Enhance performance of generative language models with self-consistency prompting on Amazon Bedrock

Generative language models have proven remarkably skillful at solving logical and analytical natural language processing (NLP) tasks. Furthermore, the use of prompt engineering can notably enhance their performance. For example, chain-of-thought (CoT) is known to improve a model’s capacity for complex multi-step problems. To additionally boost accuracy on tasks that involve reasoning, a self-consistency prompting approach has been suggested, which replaces greedy with stochastic decoding during language generation.

Amazon Bedrock is a fully managed service that offers a choice of high-performing foundation models from leading AI companies and Amazon via a single API, along with a broad set of capabilities to build generative AI applications with security, privacy, and responsible AI. With the batch inference API, you can use Amazon Bedrock to run inference with foundation models in batches and get responses more efficiently. This post shows how to implement self-consistency prompting via batch inference on Amazon Bedrock to enhance model performance on arithmetic and multiple-choice reasoning tasks.

Overview of solution

Self-consistency prompting of language models relies on the generation of multiple responses that are aggregated into a final answer.
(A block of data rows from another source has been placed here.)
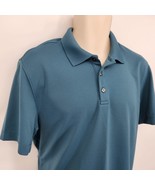 Van Heusen Air Short Sleeve Polo Shirt Men&#39;s Size Medium Classic Fit Tea... - $9.00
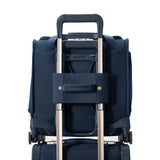 Briggs & Riley Cabin Spinner - Carry On Luggage for Travel, Suitcases with Wheels, Softside Rolling Bag for Men & Women, Fits Under Plane Seat, Interlocking Handle - Baseline Collection, Navy
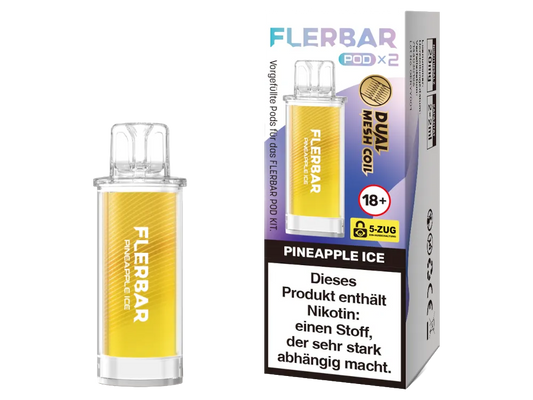 Flerbar Pod Pineapple Ice 20 mg 2Stk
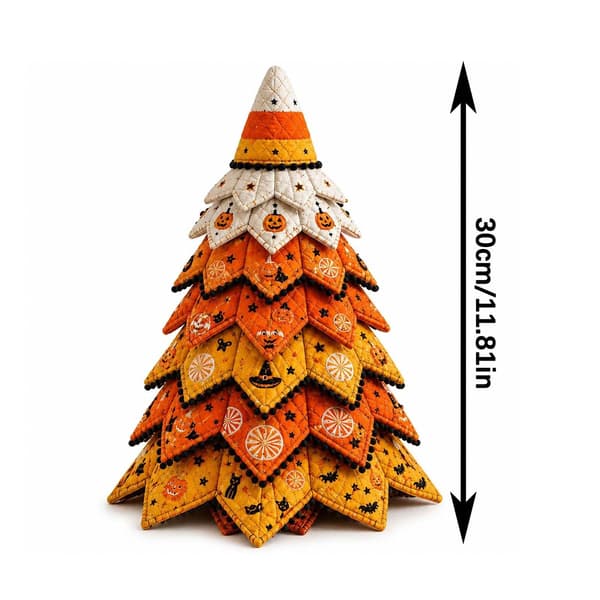 DIY Halloween tikattu kangaspuusarja, 3D ompeluartesetti Halloween-puu, C C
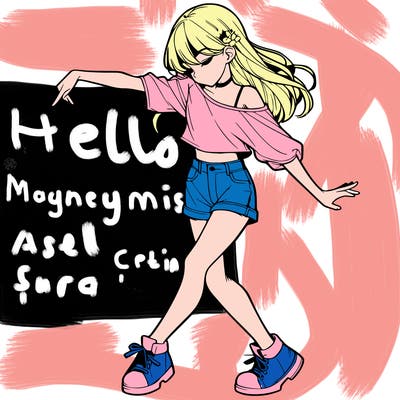 realistic girl danceing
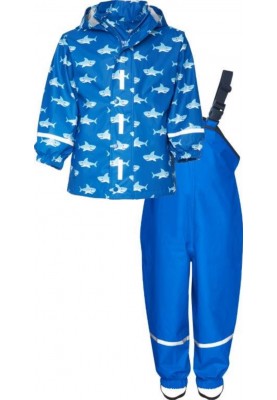 Playshoes kinderregenpak - Haai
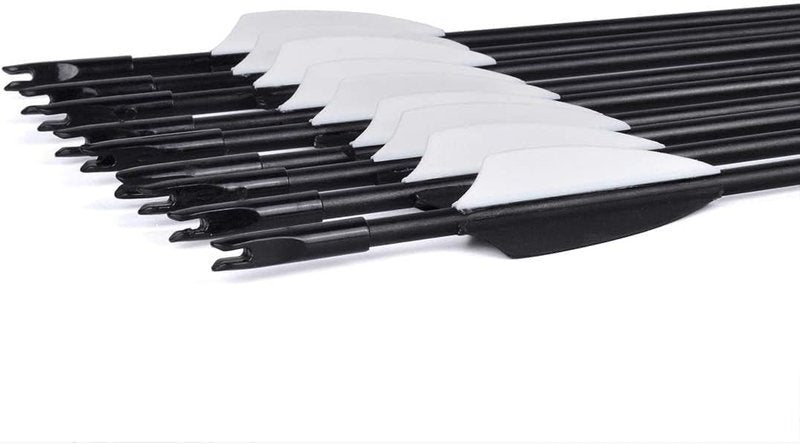 28" Fiberglass Arrows, Archery Practice Target Arrows for Youth Beginners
In contrast to single-generation approaches like CoT, the self-consistency sample-and-marginalize procedure creates a range of model completions that lead to a more consistent solution. The generation of different responses for a given prompt is possible due to the use of a stochastic, rather than greedy, decoding strategy.

The following figure shows how self-consistency differs from greedy CoT in that it generates a diverse set of reasoning paths and aggregates them to produce the final answer.

Decoding strategies for text generation

Text generated by decoder-only language models unfolds word by word, with the subsequent token being predicted on the basis of the preceding context. For a given prompt, the model computes a probability distribution indicating the likelihood of each token to appear next in the sequence. Decoding involves translating these probability distributions into actual text. Text generation is mediated by a set of inference parameters that are often hyperparameters of the decoding method itself. One example is the temperature, which modulates the probability distribution of the next token and influences the randomness of the model’s output.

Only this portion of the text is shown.